Der Sparkassenverband Saar spendete 1000 Euro an den Förderverein der evangelisch-katholischen Telefonseelsorge

Sie heben ab, wenn Verzweifelte nicht mehr weiterwissen. Die für solche Fälle geschulten Ehrenamtlichen der Telefonseelsorge Saar. 14 000-mal im Jahr ist das der Fall, wobei es zirka 9000-mal zu einem Beratungsgespräch kommt. Das berichteten die Leiterin der katholischen Telefonseelsorge Heidrun Mohren-Dörrenbächer und ihr evangelisches Pendant Volker Bier als sie von der Finanzgruppe Saar des Sparkassenverbandes jetzt eine Spende in Höhe von 1000 Euro in Empfang nahmen.

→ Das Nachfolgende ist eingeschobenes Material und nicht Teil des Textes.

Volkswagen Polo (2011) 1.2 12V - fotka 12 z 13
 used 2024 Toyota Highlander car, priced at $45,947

Meist riefen 50- bis 59-Jährige an, deren Hauptproblem sei die Einsamkeit. "Ohne die zahlreichen ehrenamtlichen Mitarbeiter könnte die Telefonseelsorge Saar diese Arbeit nicht leisten", sagte Sparkassenverbandspräsidentin Cornelia Hoffmann-Bethscheider: "Um die Zukunft zu sichern, sind nicht nur finanzielle Mittel notwendig, sondern vor allem Menschen, die sich gerne engagieren." Wie Mohren-Dörrenbächer informierte, sei es notwendig, jährlich einen Kurs für Ehrenamtliche anzubieten, um die Aufgaben erfüllen zu können.

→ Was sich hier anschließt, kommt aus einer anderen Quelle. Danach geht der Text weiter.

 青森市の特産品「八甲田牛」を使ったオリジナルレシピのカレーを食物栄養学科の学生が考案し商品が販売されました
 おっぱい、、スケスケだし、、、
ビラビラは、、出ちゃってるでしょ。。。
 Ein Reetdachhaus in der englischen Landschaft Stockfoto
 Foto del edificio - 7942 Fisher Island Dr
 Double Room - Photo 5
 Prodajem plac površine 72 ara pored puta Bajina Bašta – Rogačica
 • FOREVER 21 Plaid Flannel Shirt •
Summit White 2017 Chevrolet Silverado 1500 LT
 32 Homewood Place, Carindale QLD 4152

Wie Bier anmerkte, seien diese Gruppen jeweils zirka zehn Personen stark. Hoffmann-Bethscheider: "Das Telefon ist 365 Tage im Jahr rund um die Uhr besetzt, es fehlen weitere Freiwillige, die sich gerne dieser Aufgabe stellen und Erfüllung darin finden, wenn sie anderen Menschen helfen können." Die Geldspende geht an den Förderverein, dem Dietmar Girst vorsitzt. Der Förderverein unterstützt unter anderm auch die intensiven Schulungsmaßnahmen für die neuen Ehrenamtler. Girst betonte: "Alle Saarländer sollten wissen, unter welcher Telefonnummer sie in schwierigen Lebenssituationen rund um die Uhr Rat und Hilfe bekommen können."

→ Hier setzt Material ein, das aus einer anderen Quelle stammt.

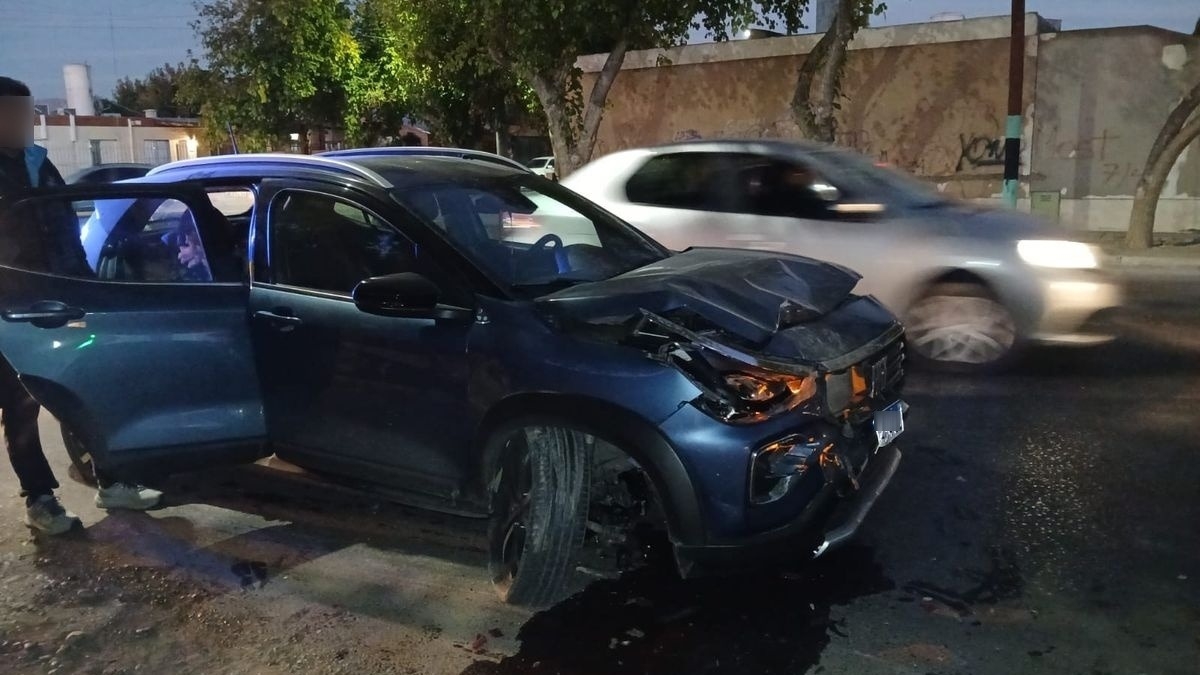 Una fiscal chocó contra un auto estacionado y lastimó a una docente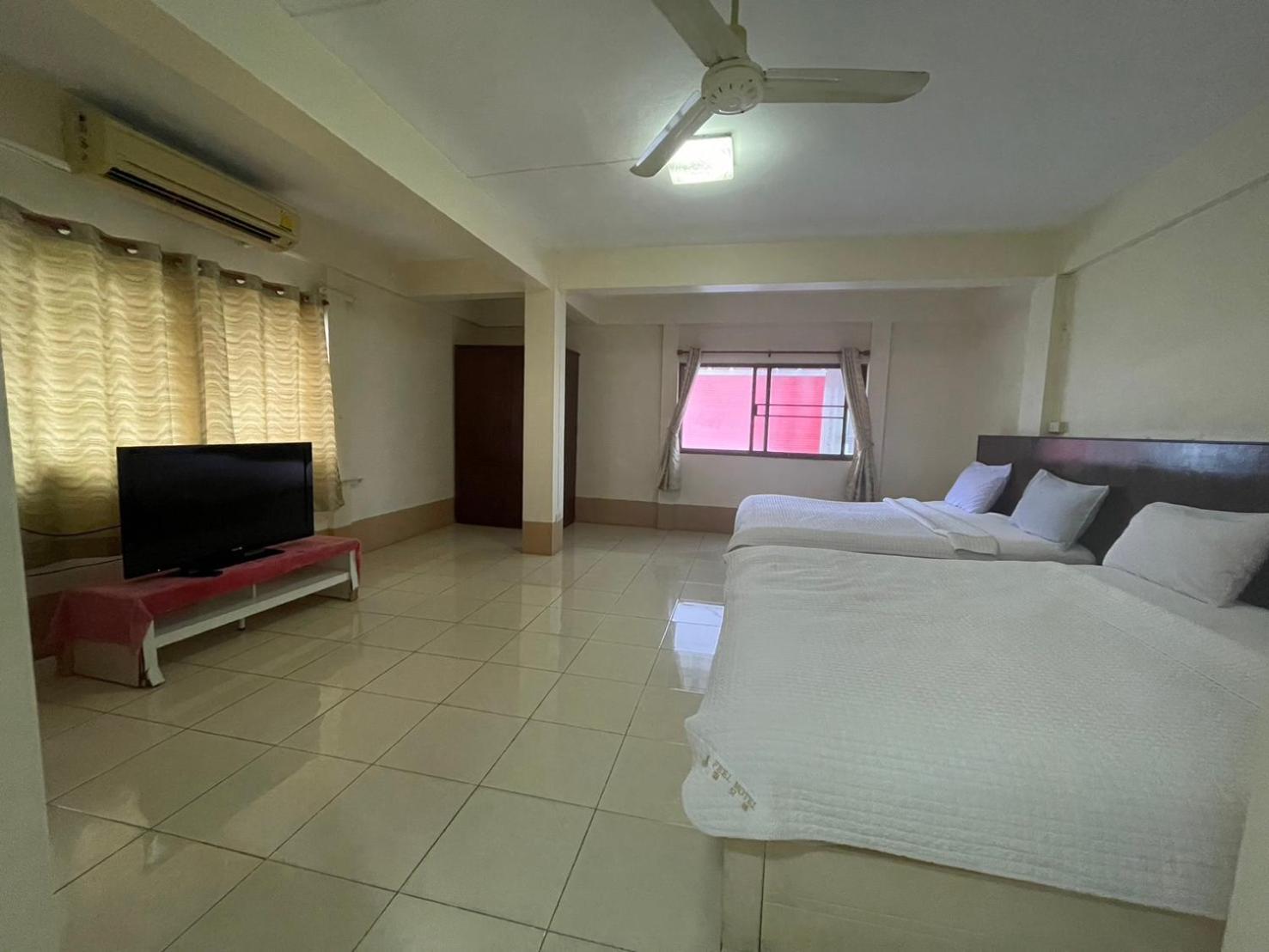 Oyo 75494 President Apartment Pattaya Exteriör bild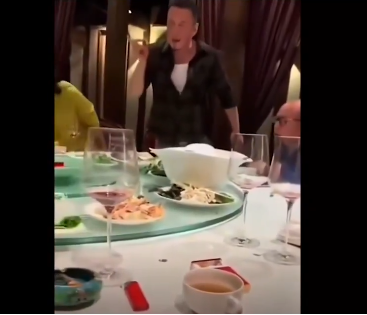 男星酒后视频刷屏 又一个“毕福剑”？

Die kostenfreie Telefonummern lauten: (0800) 1110-111 und -222. Die Telefon-Seelsorge wird ergänzt durch das Onlineangebot mit E-Mail- und Chat-Beratung. Die evangelisch-katholische Telefonseelsorge und Beratungsstelle Saar ist eine von 105 Telefonseelsorge-Stellen in Deutschland. Sie bietet persönliche Beratung am Telefon und per E-Mail. Das niedrigschwellige Gesprächs-, Beratungs- und Seelsorge-Angebot für Menschen in Lebenskrisen und belastenden Situationen wird von den Kirchen getragen.